I. Many Manichæans have been discovered in Rome.
We call you to a share in our anxiety, that with the diligence of shepherds you may take more careful heed to your flocks entrusted to you that no craft of the devil's be permitted: lest that plague, which by the revealing mercy of the Lord is driven off from our flocks through our care, should spread among your churches before you are forewarned, and are still ignorant of what is happening, and should find means of stealthily burrowing into your midst, and thus what we are checking in the City should take hidden root among you and grow up.
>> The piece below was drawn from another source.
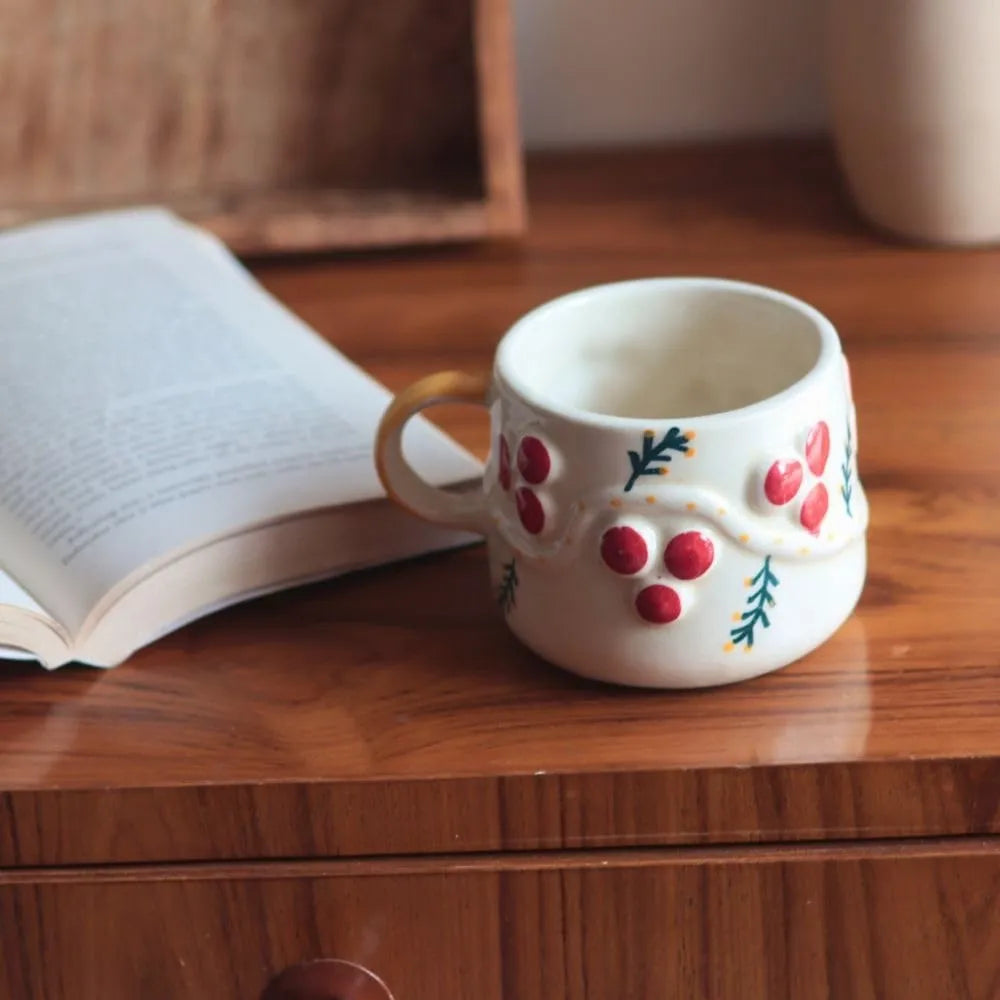 Cranberry Trails Ceramic Mug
Our search has discovered in the City a great many followers and teachers of the Manichæan impiety, our watchfulness has proclaimed them, and our authority and censure has checked them: those whom we could reform we have corrected and driven to condemn Manichæus with his preachings and teachings by public confession in church, and by the subscription of their own hand, and thus we have lifted those who have acknowledged their fault from the pit of their iniquity by granting them room for repentance. A good many, however, who had so deeply involved themselves that no remedy could assist them, have been subjected to the laws in accordance with the constitutions of our Christian princes, and lest they should pollute the holy flock by their contagion, have been banished into perpetual exile by public judges.
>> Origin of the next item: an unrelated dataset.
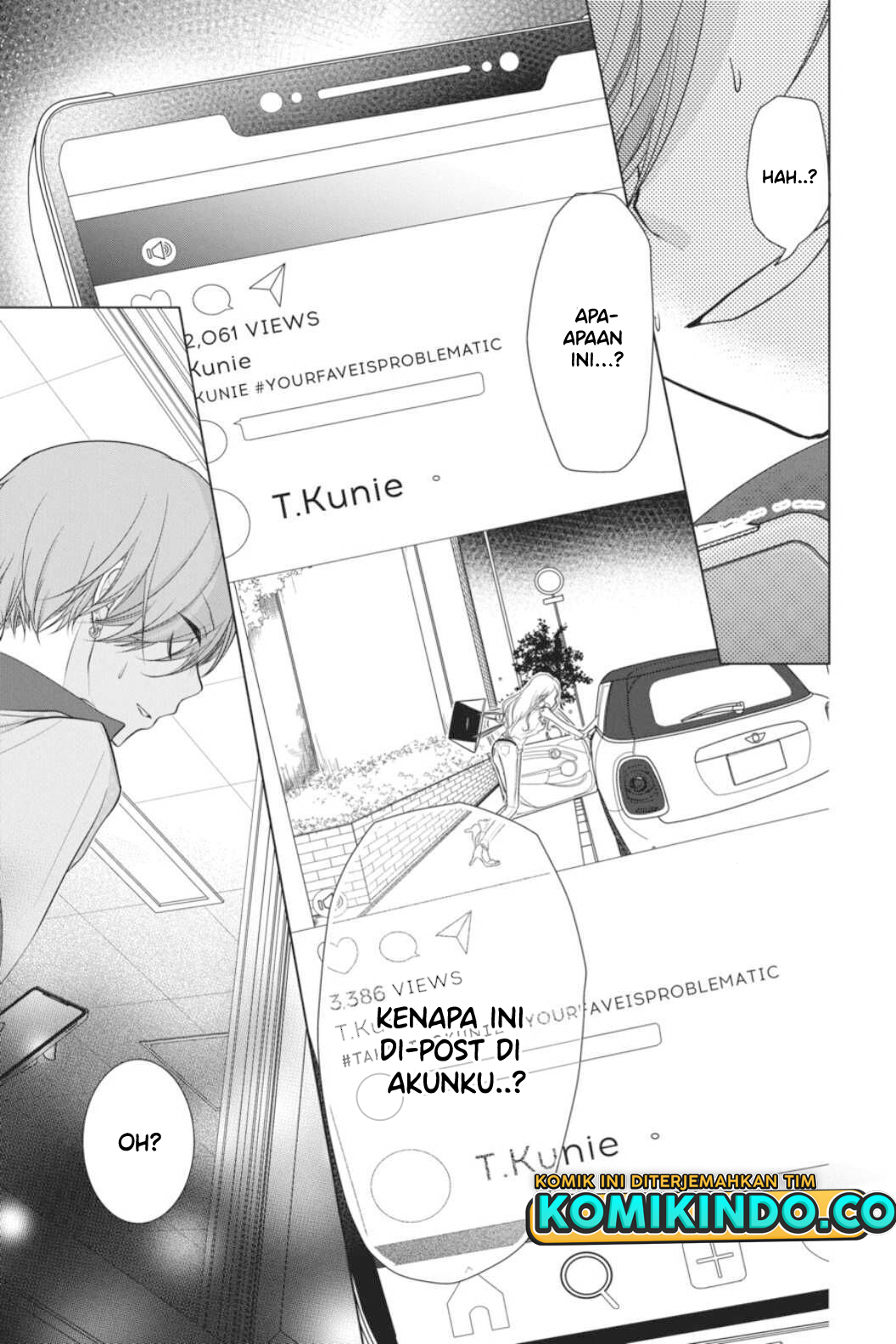 Koi to Shinzou Chapter 34 Gambar 8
And all the profane and disgraceful things which are found as well in their writings as in their secret traditions, we have disclosed and clearly proved to the eyes of the Christian laity that the people might know what to shrink from or avoid: so that he that was called their bishop was himself tried by us, and betrayed the criminal views which he held in his mystic religion, as the record of our proceedings can show you. For this, too, we have sent you for instruction: and after reading them you will be in a position to understand all the discoveries we have made.